• DIRECTIONS:
Repetition must be exact and must stop with the line bearing "Top Drawer Steel". It begins at the first line of the records and includes no pictures.

(Short text fragments from websites)
=== Section Start ===

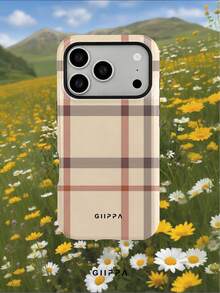 GIIPPA 1件卡其色不對稱格紋設計手機殼，適用於 Phone 17 Pro Max，兼容 Phone 16 Pro Max、15 Pro Max、14 Pro Max、11/12/13/14/15/16 Pro Max Plus，韓系高端時尚趣味優雅設計，男女通用，送給女友的完美禮物，適合聖誕節、情人節、復活節、婚禮季和生日 - 彩色 - 查看 7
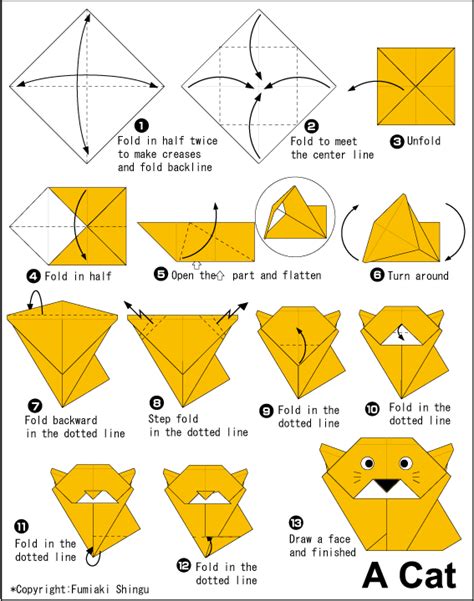 Origami A Cat - Easy Origami instructions For Kids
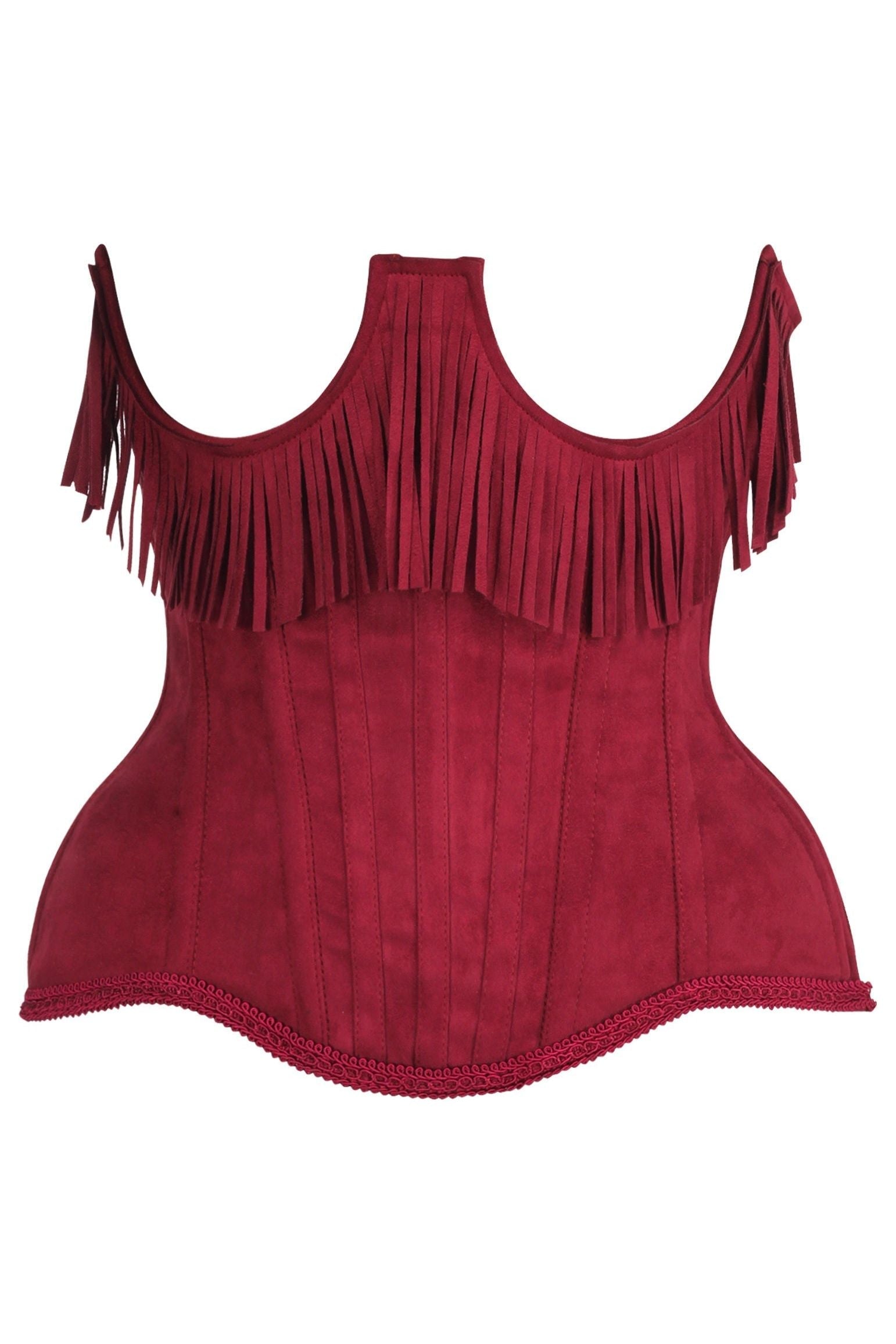 Top Drawer Steel Boned Red Suede Underwire Underbust Corset Cincher w/Fringe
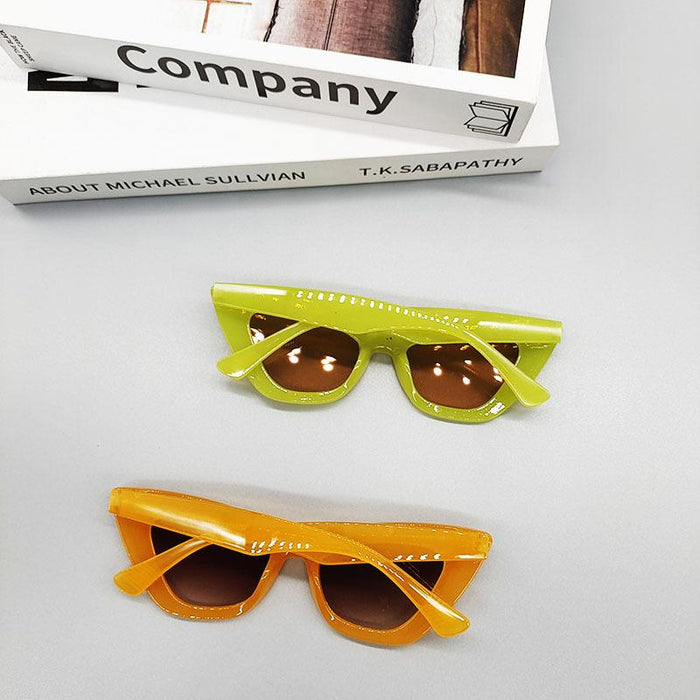 Trendy Retro Cat's Eye Candy Color Sunglasses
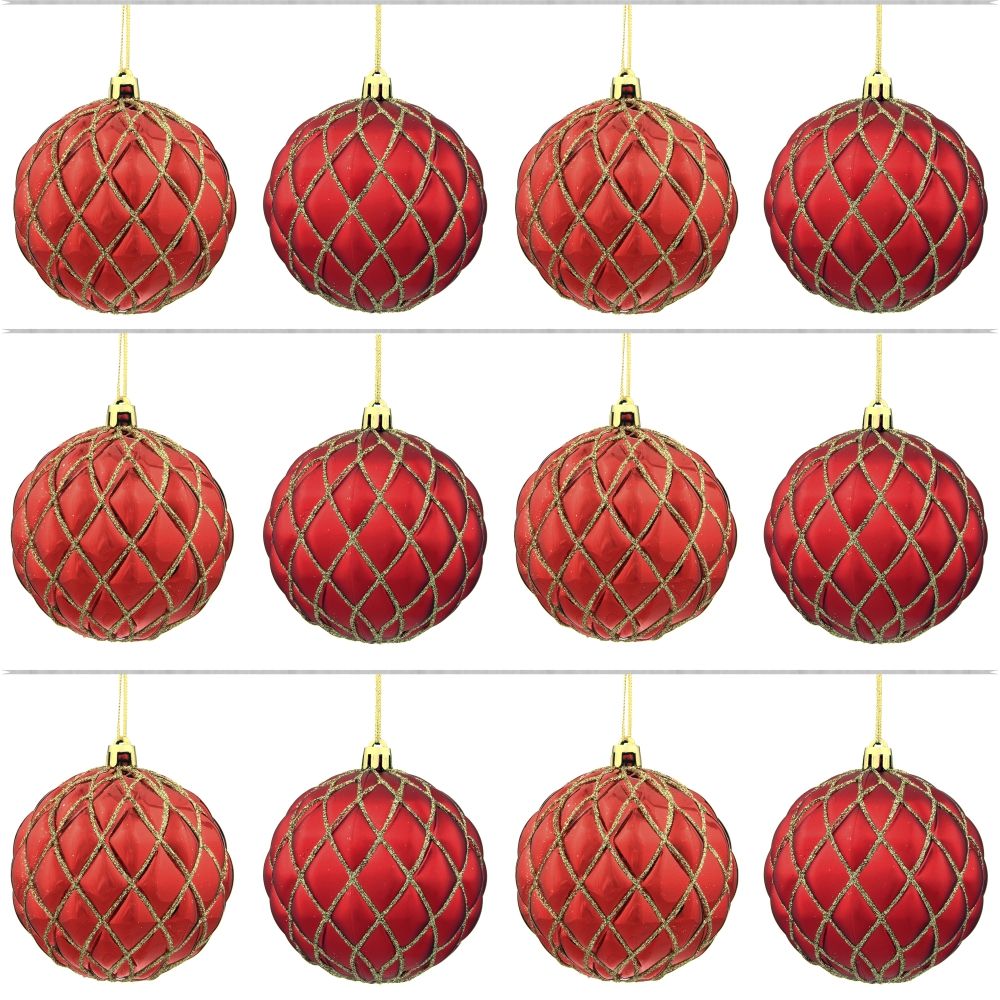 GAEM Набор из 12шт Украшение новогоднее Шар "Золотая сетка", D8 см, L35 W27 H8 см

=== Section End ===

• RESPONSE:
 GIIPPA 1件卡其色不對稱格紋設計手機殼，適用於 Phone 17 Pro Max，兼容 Phone 16 Pro Max、15 Pro Max、14 Pro Max、11/12/13/14/15/16 Pro Max Plus，韓系高端時尚趣味優雅設計，男女通用，送給女友的完美禮物，適合聖誕節、情人節、復活節、婚禮季和生日 - 彩色 - 查看 7
 Origami A Cat - Easy Origami instructions For Kids
 Top Drawer Steel Boned Red Suede Underwire Underbust Corset Cincher w/Fringe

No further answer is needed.